Cover Letter

Journal: Data Science
Manuscript Title: Detecting Algorithmic Bias in Turkish E-Commerce Reviews: A Systematic Comparison of Supervised, Lexicon-Based, and Unsupervised Polarity Analysis Methods


Dear Editors,

I am pleased to submit our manuscript, "Detecting Algorithmic Bias in Turkish E-Commerce Reviews: A Systematic Comparison of Supervised, Lexicon-Based, and Unsupervised Polarity Analysis Methods" for consideration for publication in The Data Science Journal.
This manuscript makes several significant contributions to the Data Science community and the field of text mining:

1. **Novel R Package (Released on July 22nd,2025)**: We use 'shoppingwords', a comprehensive R package available on CRAN that provides specialized tools for Turkish e-commerce text analysis, including domain-specific stopwords, sentiment phrases, and annotated review datasets.

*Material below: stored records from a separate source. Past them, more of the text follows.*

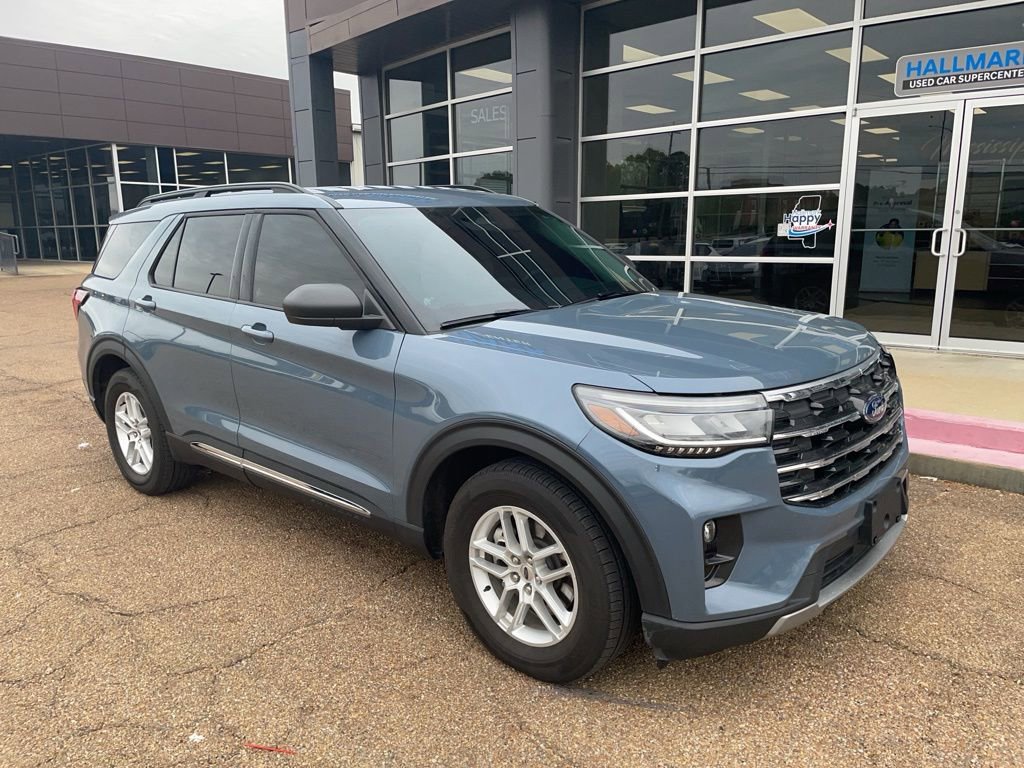 Used 2025 Ford Explorer Active w/ Active Comfort Package image 14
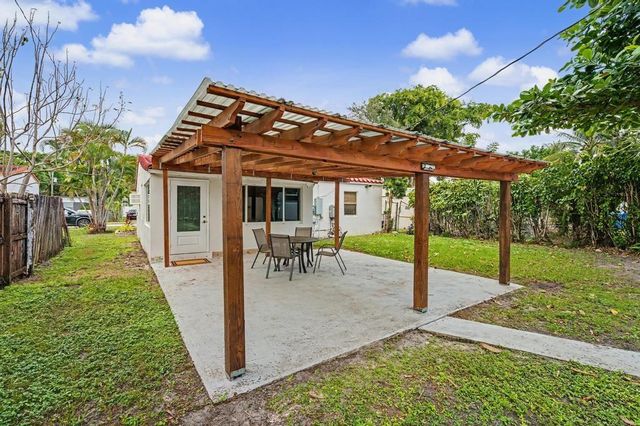 2530 Mckinley St, Hollywood, FL 33020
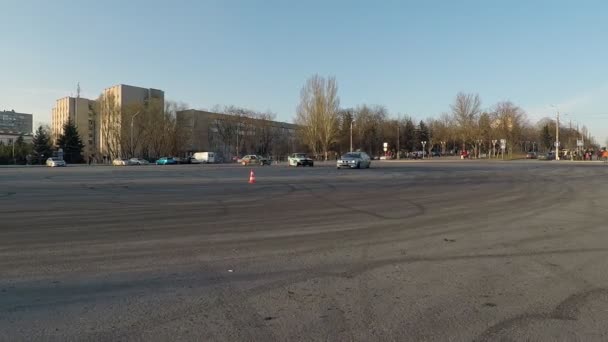 UKRAINE, ZAPOROZHYE, 10 Mart 2020. Sürüklenme gösterileri. 3 BMW arabası hızla kızaklara girer ve asfalt üzerinde daire çizer, yanan lastikten duman çıkarır, engelleri aşar.. — Stok video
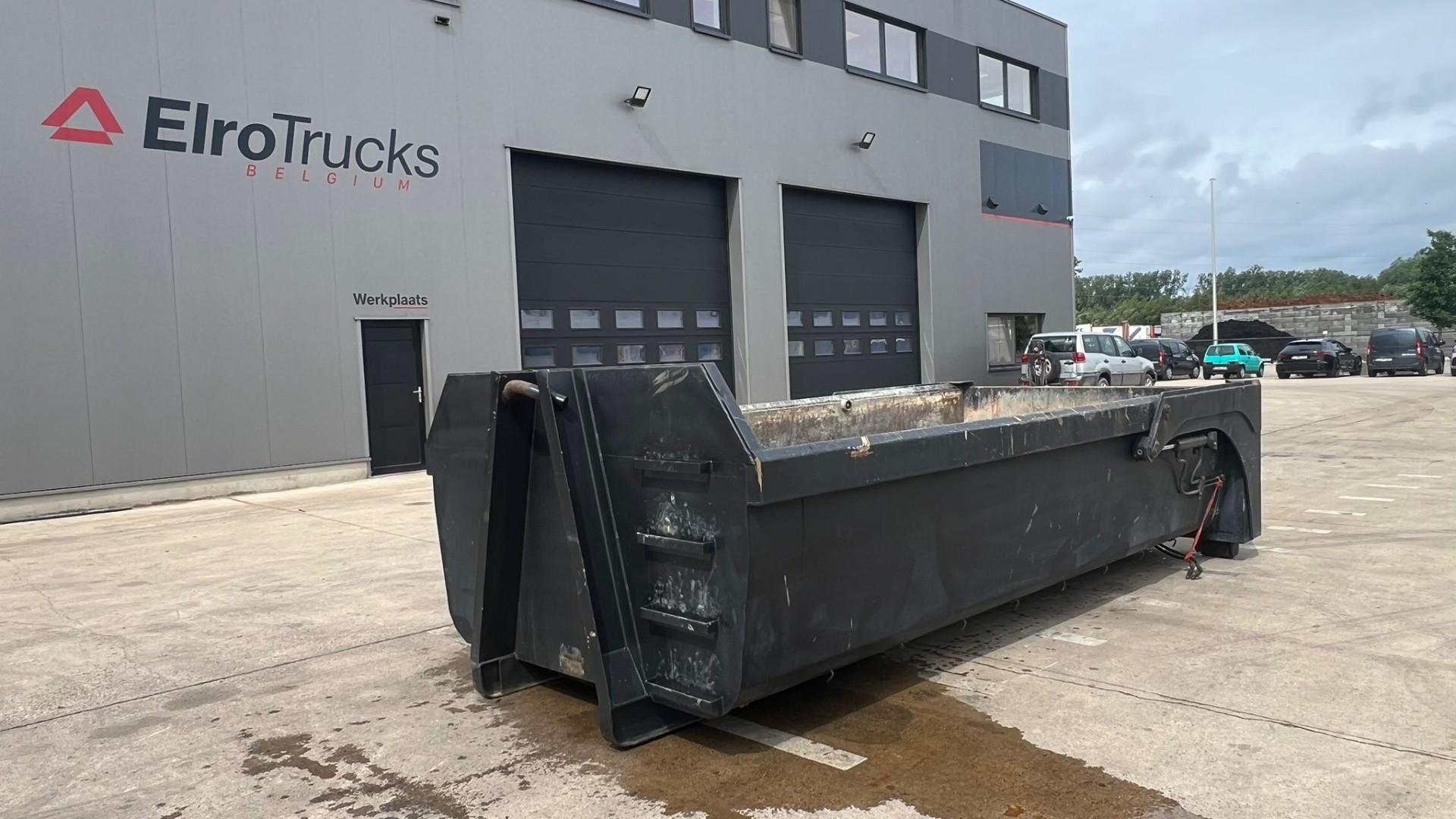 HOOK CONTAINER--HAAKCONTAINER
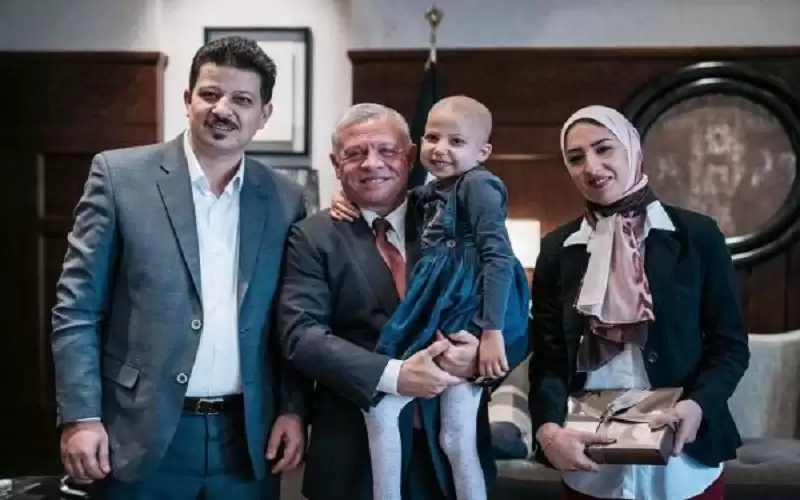 الملك يستقبل الطفلة شادن الرمحي ووالداها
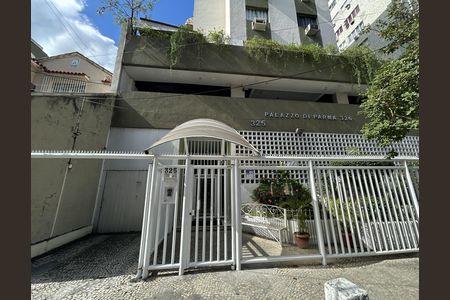 Apartamento à venda com 108m², 3 quartos e 1 vagaFachada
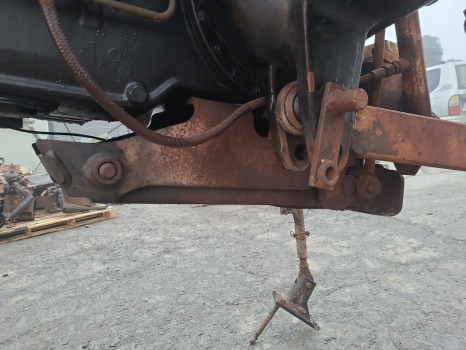 Massey Ferguson 4255 Pick Up Hitch For Parts - Rahmen/ Chassis für Landmaschine: das Bild 4 Massey Ferguson 4255 Pick Up Hitch For Parts - Rahmen/ Chassis für Landmaschine: das Bild 4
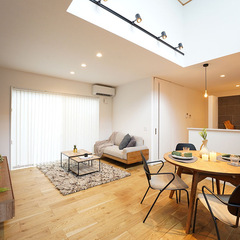 お家のどこで過ごしても家族の気配を優しく感じられるシンプルモダンなLDK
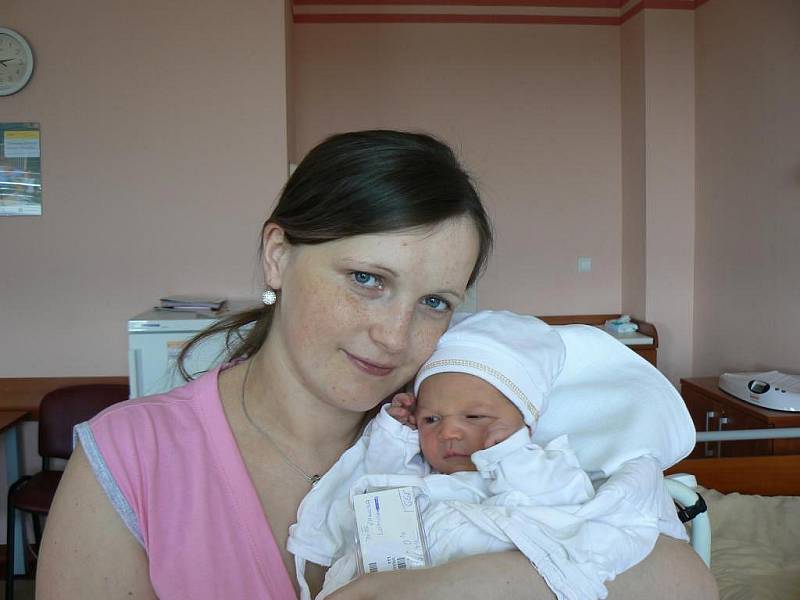 Vanesa (3,09 kg, 49 cm) je prvorozená dcera maminky Maryny Zadranské a tatínka Bohdana Lemaka z Plzně. Holčička se narodila 23. 3. deset minut po půlnoci ve fakultní nemocnici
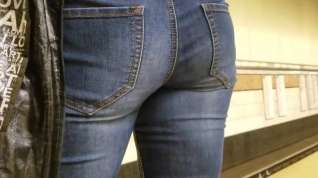Online film Nice ass in jeans go to the train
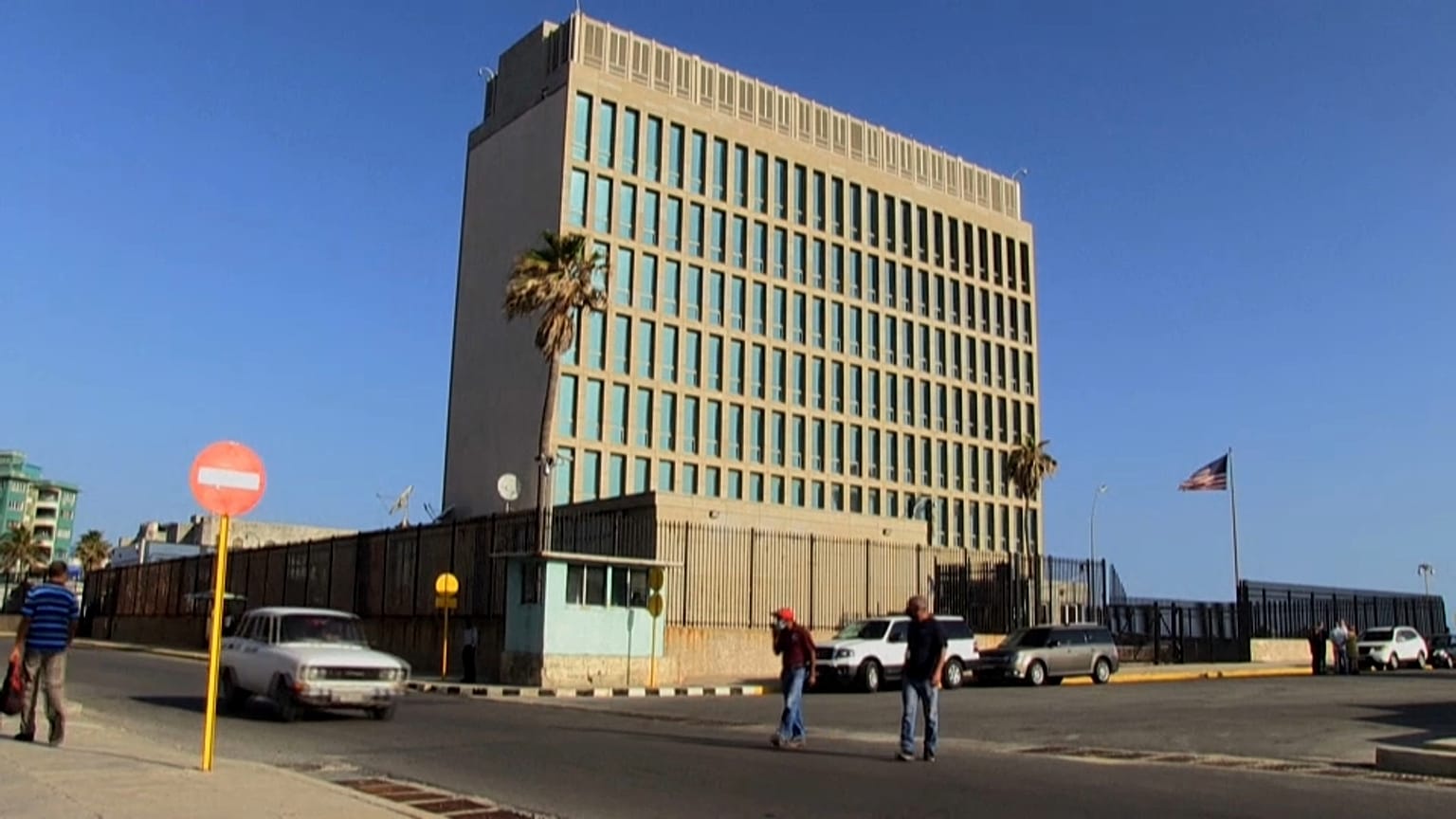 Fachada de la embajada de EE UU en La Habana. 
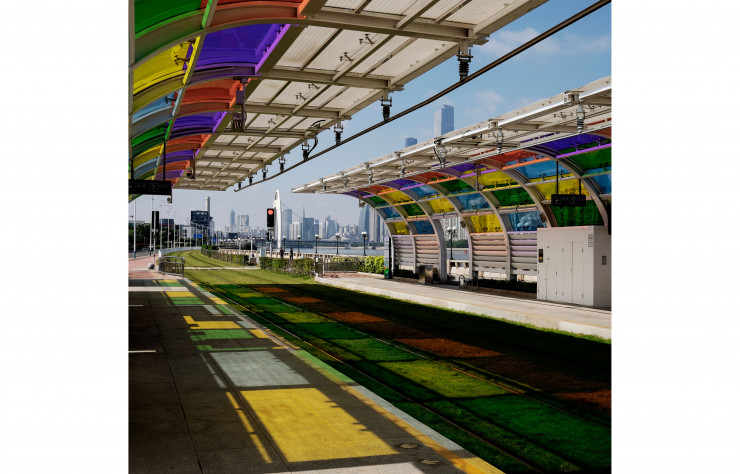 L’une des nouvelles gares de tramway le long du fleuve.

2. **Methodological Innovation**: Our work presents a systematic framework for detecting sentiment-rating mismatches in Turkish e-commerce reviews, addressing a critical challenge in recommendation systems where users strategically manipulate ratings.

3. **Comprehensive Benchmarking**: We provide an extensive comparison of supervised classifiers (Logistic Regression, Random Forest, SVM, XGBoost), unsupervised methods (k-means, hierarchical clustering, LDA), and Turkish-specific lexicon-based approaches (BERTurk, SentiTurkNet, TRSAV1, HUMIR).

4. **Reproducible Research**: All code, data, and analysis pipelines are fully reproducible and available through the accompanying R package and supplementary materials, aligning with the Journal's standards.

5. **Multilingual NLP Contribution**: Our work addresses the underrepresentation of Turkish language resources in NLP research and provides valuable insights for other morphologically rich languages.

The study reveals that approximately 2.4% of 5-star reviews contain negative sentiment—a systematic bias where users assign high ratings despite critical feedback to boost review visibility. Our results demonstrate that Random Forest classifiers combined with rating metadata achieve the best performance (F1 score: 0.846, Accuracy: 0.936), while k-means clustering provides robust unsupervised alternatives.

This research bridges practical e-commerce analytics with methodological advances in text mining, offering both theoretical insights and practical tools for the R community. We believe it aligns well with The Journal's focus on innovative applications in data science and will be of interest to researchers working in e-commerce analytics, multilingual NLP, and bias detection in algorithmic systems.

All authors have approved the manuscript and its submission to The Data Science Journal. This work is original and has not been published elsewhere, nor is it currently under consideration for publication elsewhere.

Thank you for considering our work. We look forward to your response.

Sincerely,

Betul Kan-Kilinc, PhD
Department of Statistics
Eskisehir Technical University
Yunus Emre Campus, 26470, Eskisehir, Turkiye
Email_1: bkan@eskisehir.edu.tr
Email_1: betul.kankilinc@duke.edu
Phone: +90 222 321 7943